Assignment
Reproduce, exactly and in full, only the lines below from the one containing "Qushanye · Moganshan" through the one containing "Schwarzer zylindrischer Kompressor".

Available data
━━━
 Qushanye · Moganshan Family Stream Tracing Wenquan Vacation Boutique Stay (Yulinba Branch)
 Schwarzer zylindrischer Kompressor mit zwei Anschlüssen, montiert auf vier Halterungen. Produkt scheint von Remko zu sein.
━━━
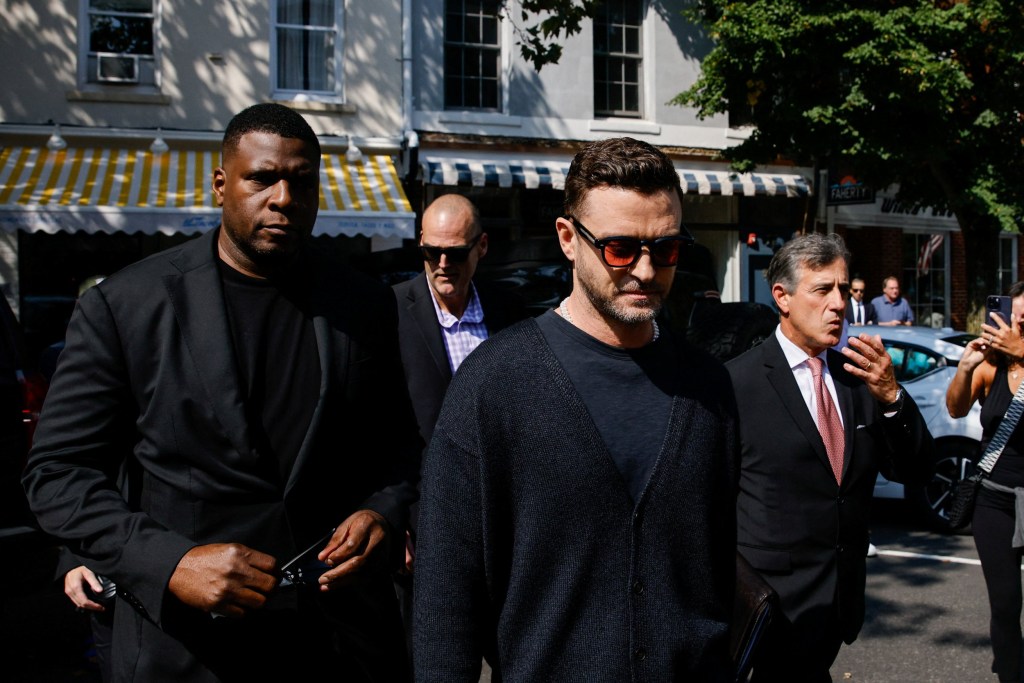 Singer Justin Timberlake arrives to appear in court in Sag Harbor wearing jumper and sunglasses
━━━
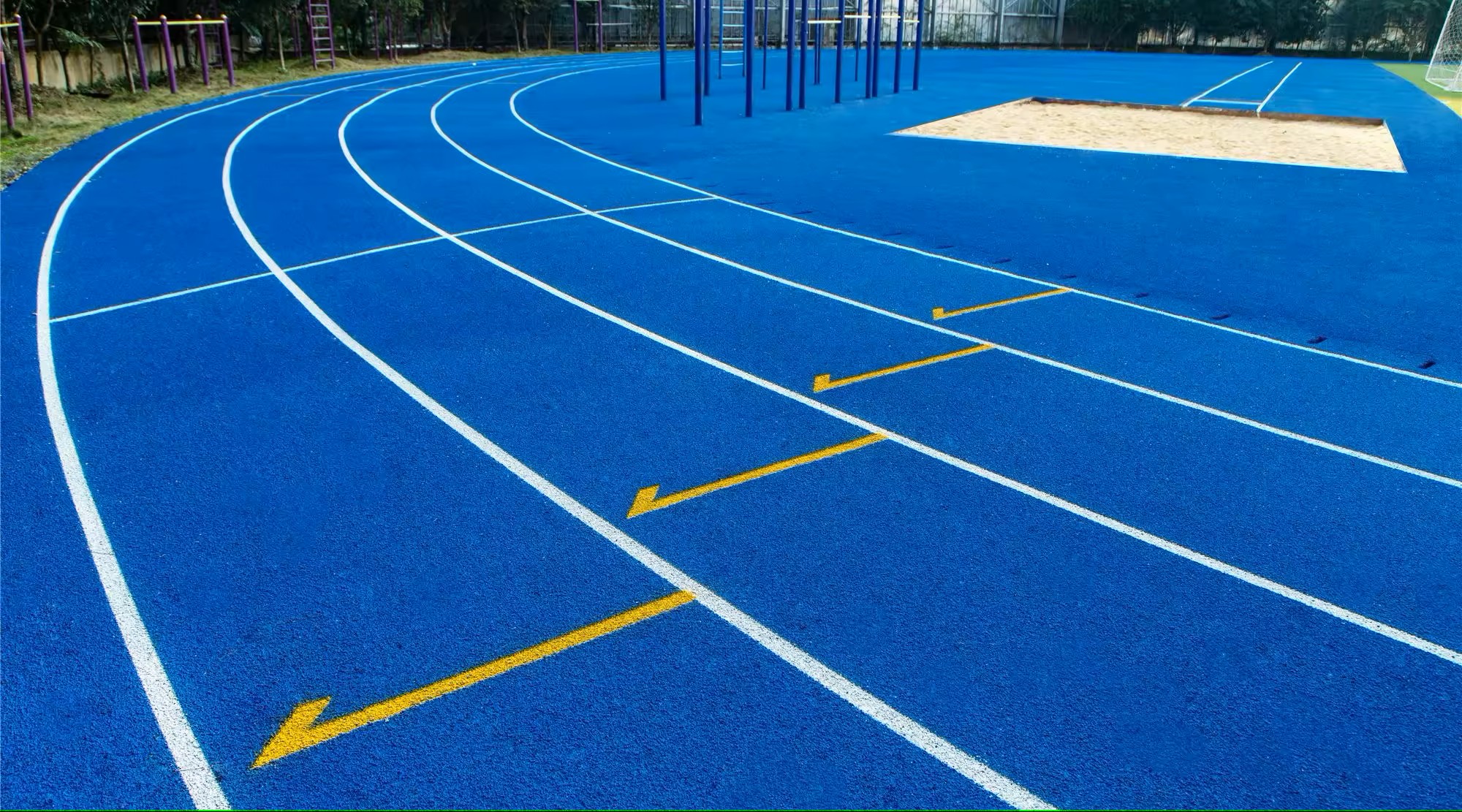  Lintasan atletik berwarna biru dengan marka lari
━━━
Exercise answer
 Qushanye · Moganshan Family Stream Tracing Wenquan Vacation Boutique Stay (Yulinba Branch)
 Schwarzer zylindrischer Kompressor mit zwei Anschlüssen, montiert auf vier Halterungen. Produkt scheint von Remko zu sein.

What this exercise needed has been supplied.